Il y eut une suspension et un peu de tumulte dans la salle ; les vagues de la mer humaine furent agitées un instant. Les parieurs du côté favori, coupable et galères, comprirent qu’ils avaient gagné une manche. Durant cette interruption, un homme se fraya un chemin au milieu de la foule, se dirigea vers l’endroit où était assis l’avocat de l’accusé, et mit dans sa main une petite bande de papier sale, sur laquelle était écrit un seul mot, un mot de trois lettres. L’avocat le lut, et déchira le papier en atomes aussi exigus qu’il lui fut possible de le faire, et jeta les fragments à ses pieds sur le parquet ; mais une vive rougeur monta à son visage et il se prépara à suivre les témoignages.

Richard Marwood, qui connaissait la force des preuves accumulées contre lui et son impuissance à les réfuter, en avait écouté la récapitulation de l’air préoccupé d’un homme étranger au procès qui s’instruisait à cette heure : sa contenance distraite avait été remarquée par les spectateurs, et avait fait le sujet de nombreux commentaires.

Chose étrange, mais en ce moment capital de la crise, son attention paraissait principalement attirée par Joseph Peters, car il tint les yeux uniquement fixés sur le coin où se trouvait cet individu. Les yeux de la foule, suivant la direction de ceux de Richard, ne remarquèrent rien autre chose qu’un petit groupe de fonctionnaires accoudés sur la balustrade de la galerie du coin.

La foule ne voyait pas ce que voyait Richard, c’est-à-dire les doigts de M. Peters formant lentement sept lettres, deux mots, quatre lettres dans le premier, et trois lettres dans le second.

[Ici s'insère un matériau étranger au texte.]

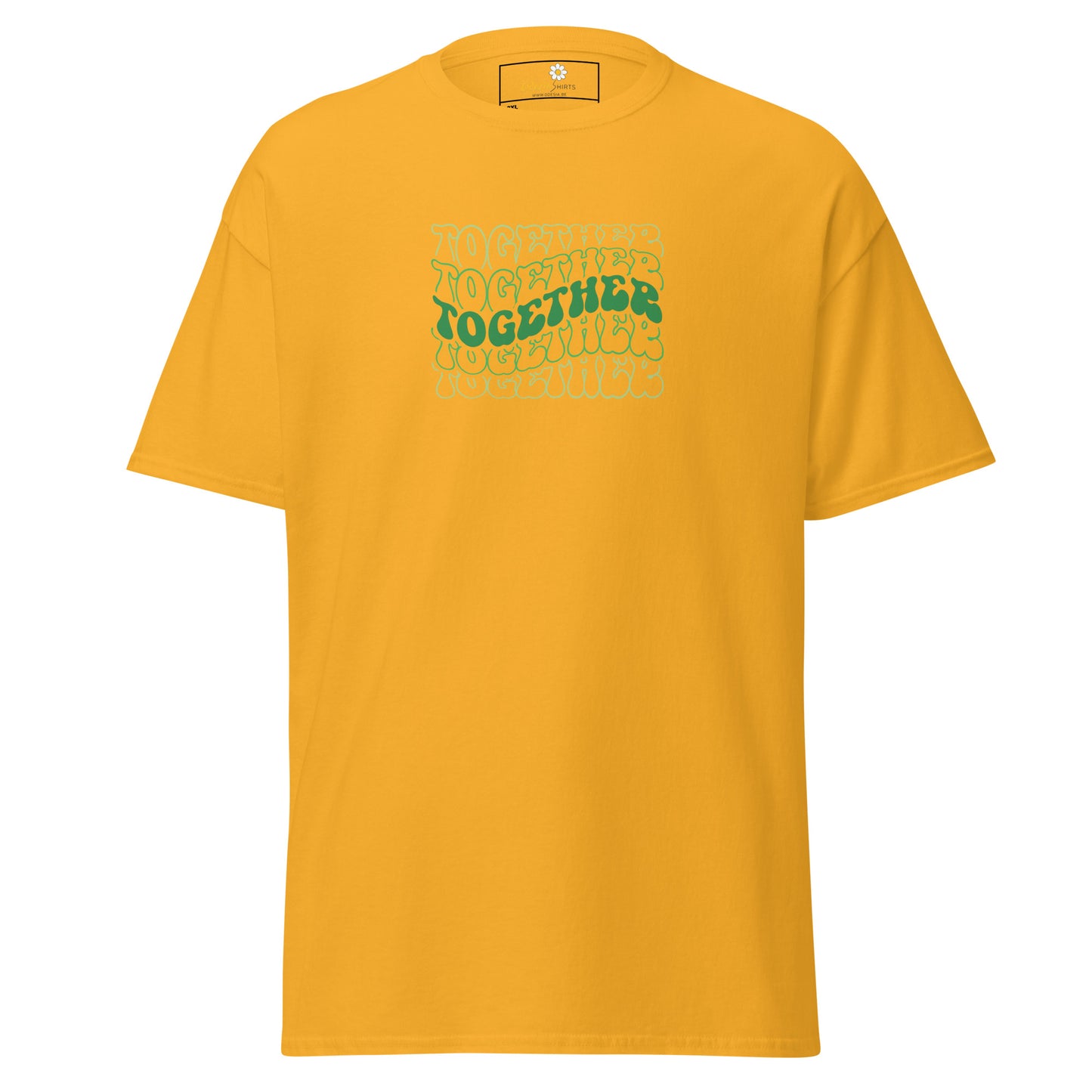 Heren klassiek t-shirt - TEXT POSITIVE TOGETHER - GROOT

Il y avait devant le prisonnier quelques petites branches de rue ; il les prit les unes après les autres, les réunit en un petit bouquet qu’il plaça à sa boutonnière. La multitude le regarda d’un air étonné pendant tout le temps.

Chose étrange à dire, cette action insignifiante parut si agréable à M. Joseph Peters, qu’il se mit à danser involontairement les premiers pas d’une hornpipe improvisée, et, ayant été timidement rappelé à l’ordre par les huissiers, il conserva un maintien plein d’insouciance pendant tout le reste du procès.